**Problem statement**. Repeat the listing exactly, minus the pictures.

**Given data**.
- Opening Delimiter -
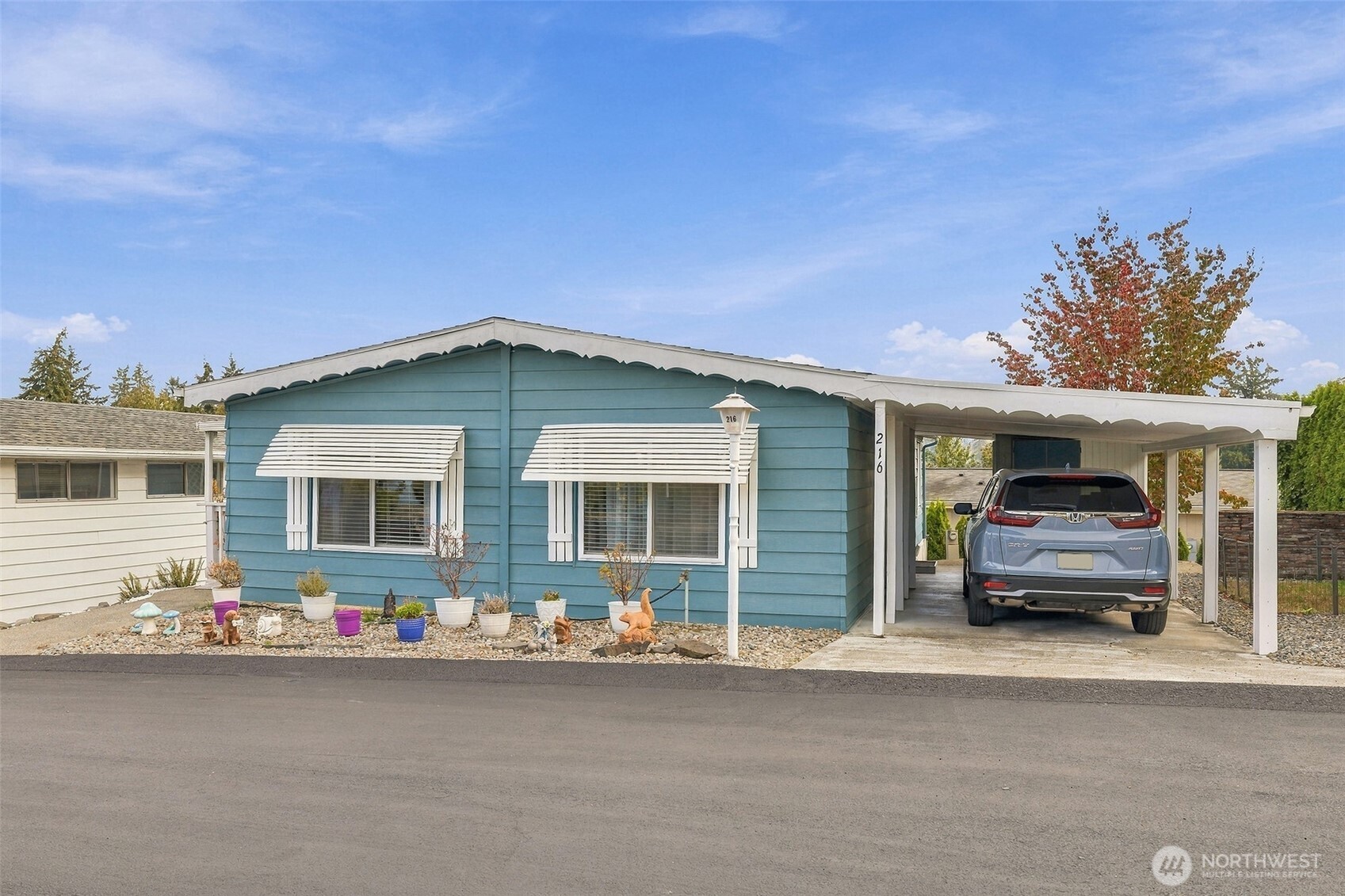 2500 Alder Street 216 Property Photo 2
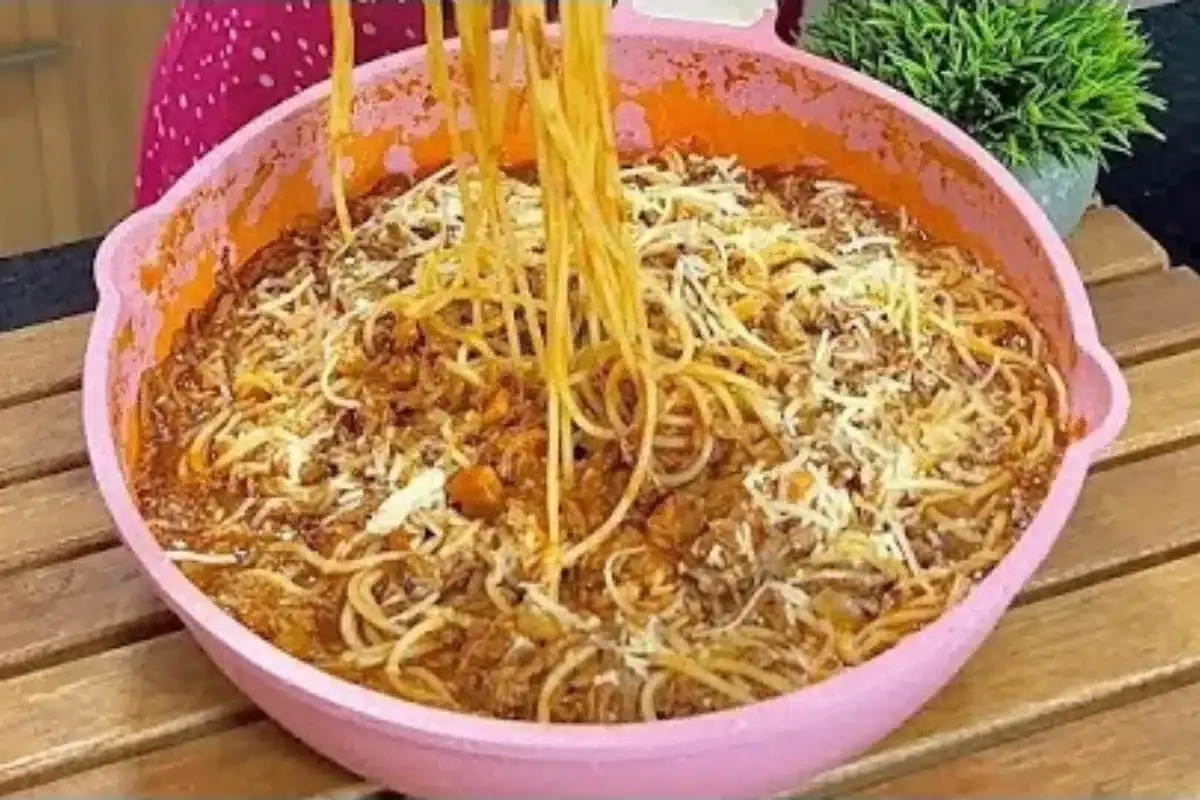 Espaguete com fraldinha e bacon bem cremoso e com muito molh
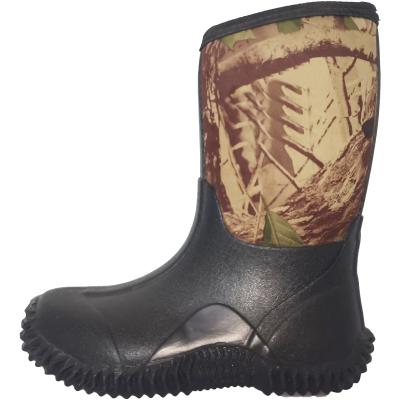 China Fashion Trend Hot Selling Waterproof Men Hunting Neoprene Rain Boots Insulated Camouflage Shoes for sale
- Closing Delimiter -
**Solution for this problem**.
 2500 Alder Street 216 Property Photo 2
 Espaguete com fraldinha e bacon bem cremoso e com muito molh
 China Fashion Trend Hot Selling Waterproof Men Hunting Neoprene Rain Boots Insulated Camouflage Shoes for sale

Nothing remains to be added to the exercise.